The Inkeep Agent Framework uses OpenTelemetry for distributed tracing and observability. Spans provide detailed visibility into the execution flow of agents, context resolution, tool execution, and other framework operations.

Getting Started with Spans

1. Import Required Dependencies

import { SpanStatusCode, type Span } from "@opentelemetry/api";
import { getTracer, setSpanWithError } from "../tracer";

2. Get the Tracer

// Use the centralized tracer utility
const tracer = getTracer("your-service-name");

Creating and Using Spans

return tracer.startActiveSpan(
  "context.resolve",
  {
    attributes: {
      "context.config_id": contextConfig.id,
      "context.trigger_event": options.triggerEvent,
    },
  },
  async (span: Span) => {
    try {
      // Your operation logic here
      return result;
    } catch (error) {
      // Use setSpanWithError for consistent error handling
      setSpanWithError(span, error);
      throw error;
    }
  }
);

Setting Span Attributes

Basic Attributes

span.setAttributes({
  "user.id": userId,
  "request.method": "POST",
});

Adding Events to Spans

Recording Important Milestones

// Add events for significant operations
span.addEvent("context.fetch_started", {
  definitionId: definition.id,
  url: definition.fetchConfig.url,
});

Error Events

span.addEvent("error.validation_failed", {
  definitionId: definition.id,
  error_type: "json_schema_validation",
  error_details: errorMessage,
});

Error Handling and Status

Using setSpanWithError Utility

The framework provides a convenient setSpanWithError utility function that handles error recording and status setting:

try {
  // Your operation
} catch (error) {
  // Use the setSpanWithError utility for consistent error handling
  setSpanWithError(span, error);
  throw error;
}

Cache Telemetry Attributes

LLM generation spans carry cache telemetry emitted by the gateway cost middleware. These attributes are defined in packages/agents-core/src/constants/otel-attributes.ts and consumed by the Manage UI trace timeline and cost dashboard.

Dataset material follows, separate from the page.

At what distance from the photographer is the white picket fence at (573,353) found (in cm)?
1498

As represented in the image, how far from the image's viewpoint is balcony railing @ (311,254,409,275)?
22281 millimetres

Outcome attributes (OTel-GenAI semconv v1.41.1 aligned)

AttributeTypeDescription
gen_ai.usage.cache_read.input_tokensnumberTokens served from the provider cache on this call
gen_ai.usage.cache_creation.input_tokensnumberTokens written to the provider cache on this call

gen_ai.usage.input_tokens (the existing total) is cache-inclusive and unchanged. no_cache_input_tokens is derivable as input_tokens − cache_read − cache_creation and is not emitted.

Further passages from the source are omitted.